Si en 1968 la marcha del silencio fue para protestar contra Díaz Ordaz, este 13 de septiembre de 2018  la denuncia fue más lejos   porque las violencias en México se han multiplicado.

El promedio de edad ronda los 20 años.  Al  principio corean en desorden consignas que los  identifican a partir de su centro de estudios: allá los de la UAM, luego los de la Facultad de Economía, también van los futuros ingenieros y hasta un niño en carriola que carga una pancarta: “Fuera porros de mi futura escuela.” 

Cuando el contingente cruza Circuito Interior se elevan los puños y una que otra “V” de victoria. Se hace el silencio. La ausencia de sonido puede reclamar con mayor volumen que su opuesto. Sólo el helicóptero de la Secretaría de Seguridad quiebra la parsimonia.

Con el silencio se cumple la amenaza. De la marcha del silencio se transita a la marcha de los paraguas. No diluvia, pero el cielo empapa. A la altura de la Suavicrema llegan más estudiantes, y pasando el Seguro Social crece nuevamente el número de silenciosos marchantes.

Son las 5:30 y el miedo por personajes peligrosos cede. No se miran anarcos ni porros. Un puñado de docentes se quejan: las universidades contratan miles de profesores de asignatura a quienes no protegen, laboralmente: “Esa es otra forma de violencia”. 

Son casi las siete de la tarde y se llega al cenotafio de los 43. Ha dejado de llover y Reforma mira un luminoso atardecer. Comienza la cuenta: uno, dos, tres, cuatro... hasta completar el número de los desaparecidos en Iguala. A partir de ese momento, la marcha olvida otra consigna y otro propósito.

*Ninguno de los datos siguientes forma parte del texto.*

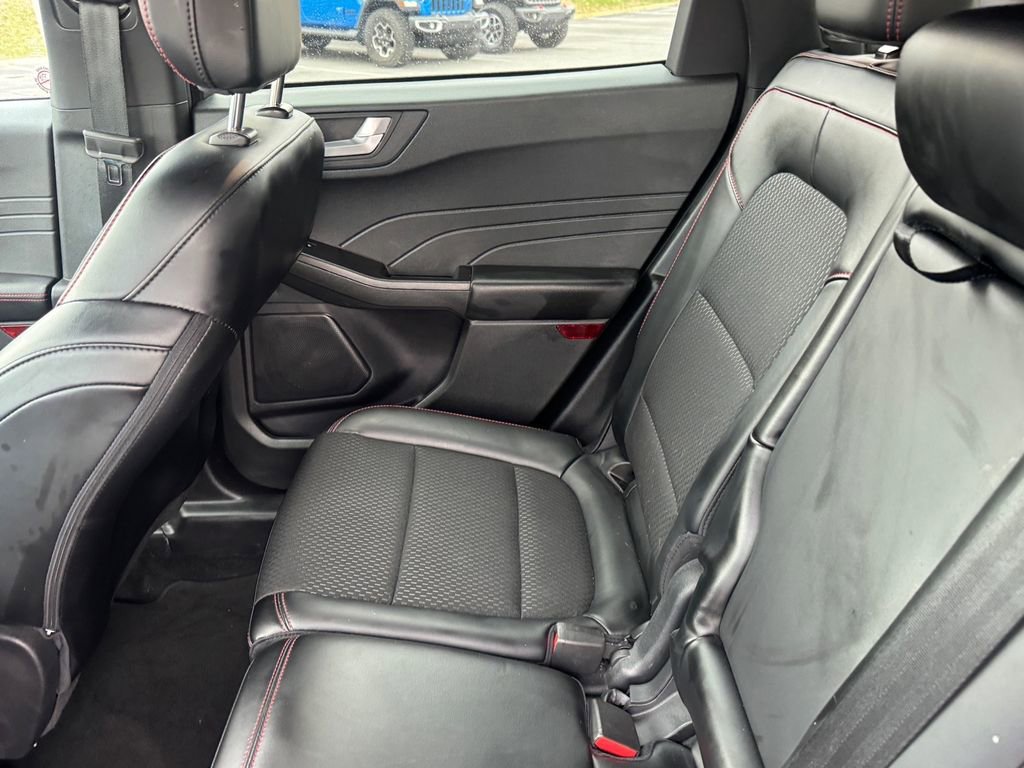 Used 2025 Ford Escape ST-Line image 8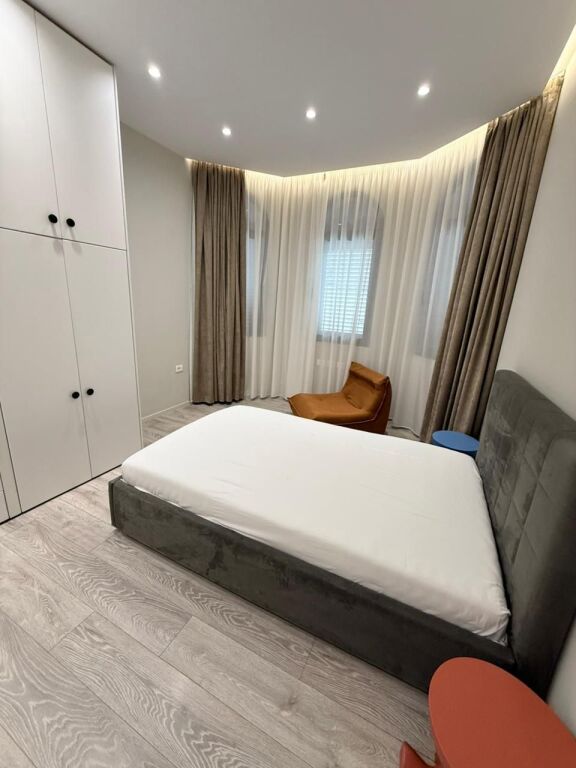 APARTAMENT 2+1 me post parkimi ne -1 per qera tek kompleksi delijorgji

43 son los dolores que necesitan reclamar, y en esa cifra se abarcan todas las demás: la de los porros, la que sufren las mujeres, la que padecen los adolescentes criminalizados, la que reclaman los maestros desposeídos de sus derechos laborales.

El resto de la marcha ya no será en silencio. Denunciar Ayotzinapa no puede hacerse con la boca cerrada. Desde avenida Juárez hasta la Catedral las gargantas vuelven a usarse y remiten a una época, un Estado y una autoridad que, como en 1968, no ha sido capaz de velar por el futuro que esos jóvenes representan.